Input Start Marker

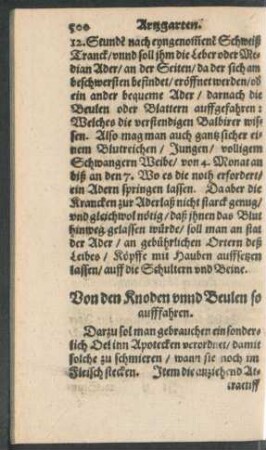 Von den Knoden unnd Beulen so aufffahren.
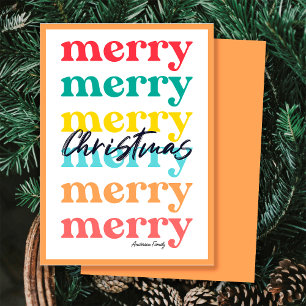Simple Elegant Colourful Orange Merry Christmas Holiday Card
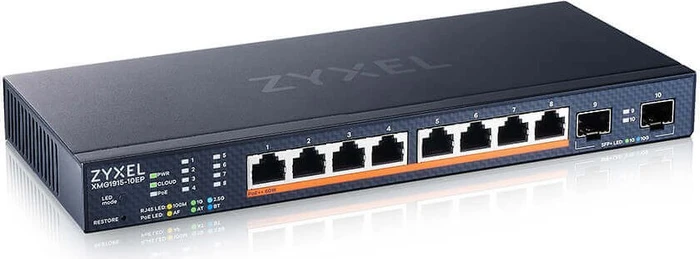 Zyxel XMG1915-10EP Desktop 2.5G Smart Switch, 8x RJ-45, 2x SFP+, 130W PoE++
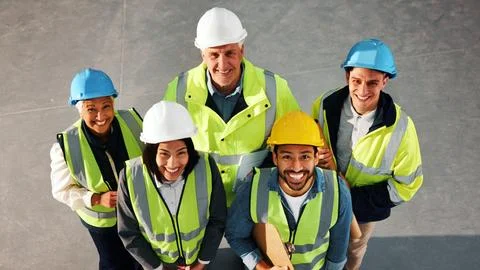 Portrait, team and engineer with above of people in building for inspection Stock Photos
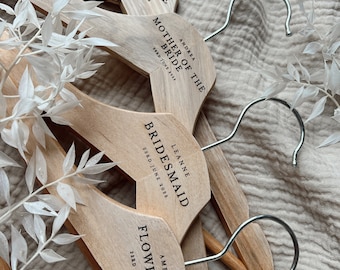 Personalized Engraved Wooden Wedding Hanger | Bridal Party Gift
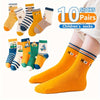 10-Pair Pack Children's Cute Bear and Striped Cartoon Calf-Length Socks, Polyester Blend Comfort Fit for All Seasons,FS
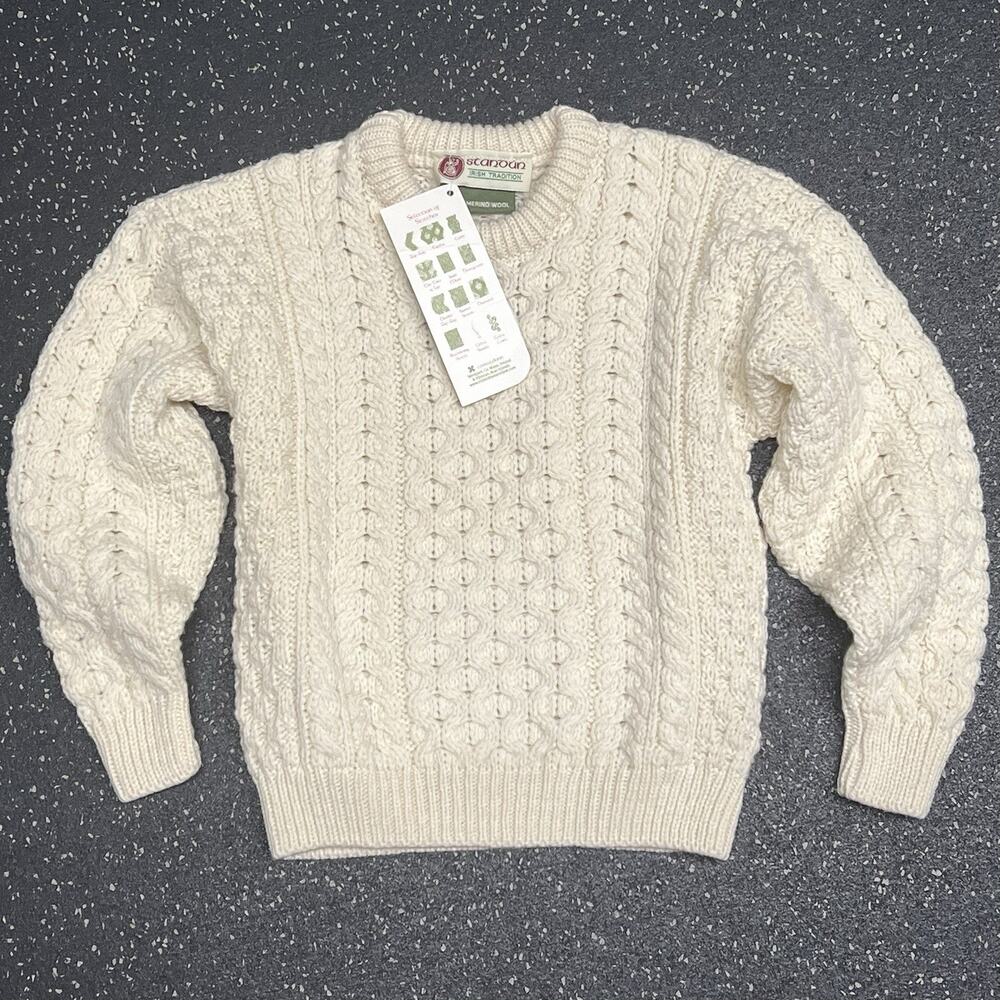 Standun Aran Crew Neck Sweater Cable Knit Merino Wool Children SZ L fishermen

Input End Marker
Input Start Marker

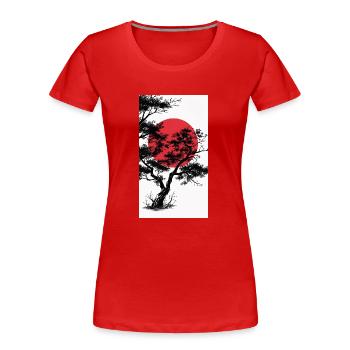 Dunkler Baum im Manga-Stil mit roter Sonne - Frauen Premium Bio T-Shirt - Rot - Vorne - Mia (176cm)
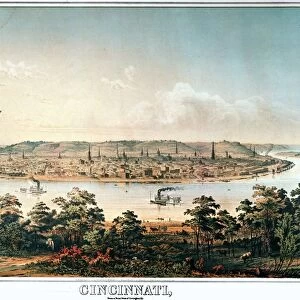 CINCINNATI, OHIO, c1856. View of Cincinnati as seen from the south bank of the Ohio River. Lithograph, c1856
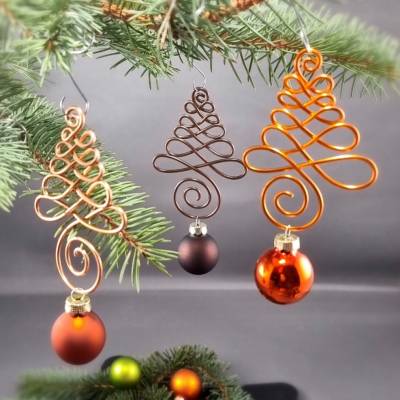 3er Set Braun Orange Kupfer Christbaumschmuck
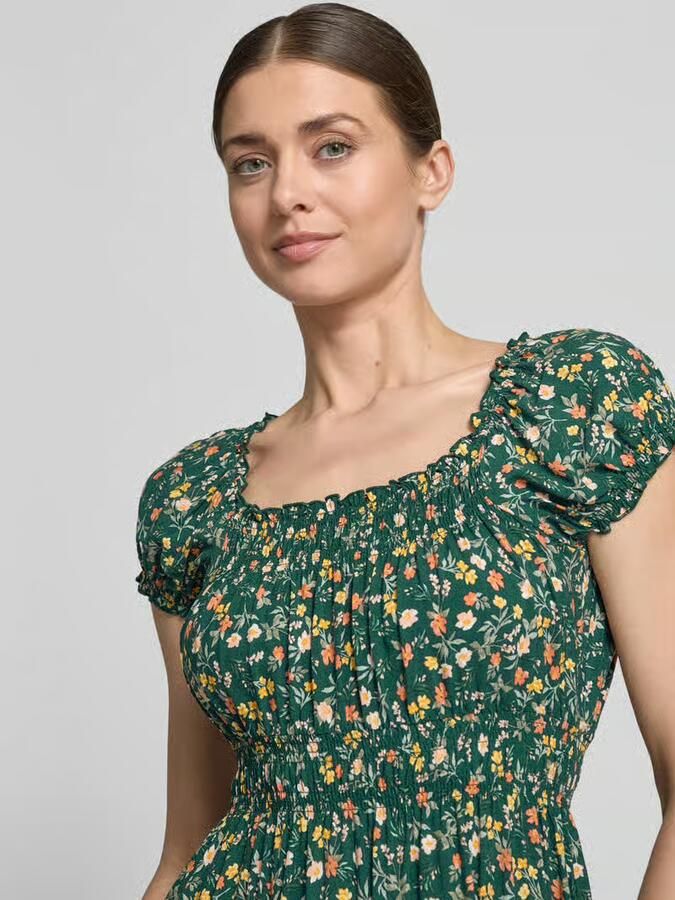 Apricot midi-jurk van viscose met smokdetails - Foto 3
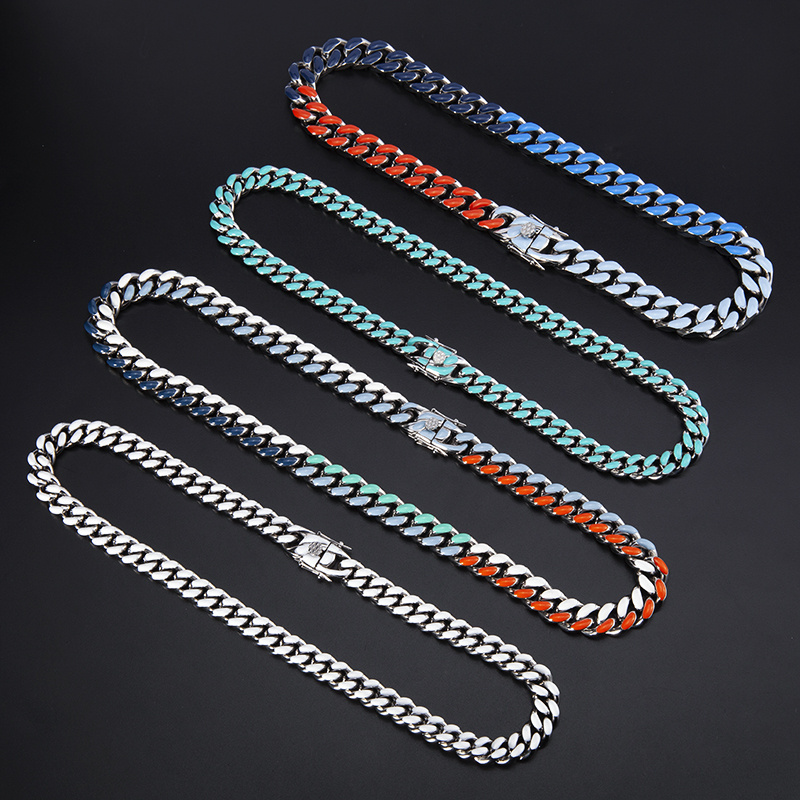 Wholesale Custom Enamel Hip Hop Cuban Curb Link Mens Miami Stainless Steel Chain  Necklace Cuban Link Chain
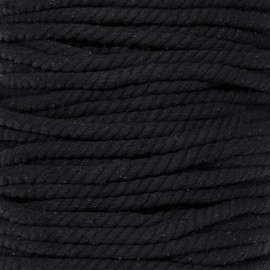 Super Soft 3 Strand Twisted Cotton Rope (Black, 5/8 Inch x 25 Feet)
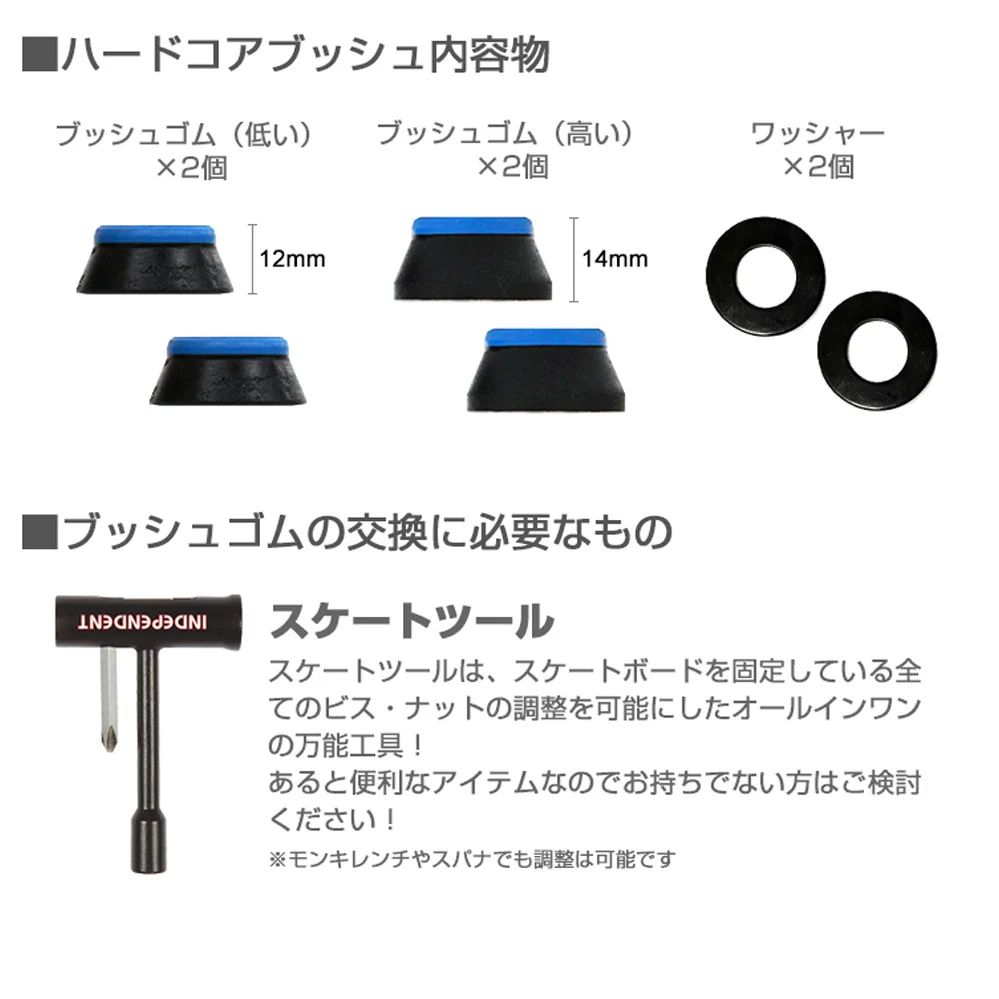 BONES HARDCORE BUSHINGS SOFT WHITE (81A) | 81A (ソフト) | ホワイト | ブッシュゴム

Input End Marker

> _What you have to do_
Write out, word for word, the stretch of entries that begins at the line with "Wholesale Custom Enamel" and ends at the line with "BONES HARDCORE BUSHINGS". Pictures do not belong in it.

> _Answer for the task_
 Wholesale Custom Enamel Hip Hop Cuban Curb Link Mens Miami Stainless Steel Chain  Necklace Cuban Link Chain
 Super Soft 3 Strand Twisted Cotton Rope (Black, 5/8 Inch x 25 Feet)
 BONES HARDCORE BUSHINGS SOFT WHITE (81A) | 81A (ソフト) | ホワイト | ブッシュゴム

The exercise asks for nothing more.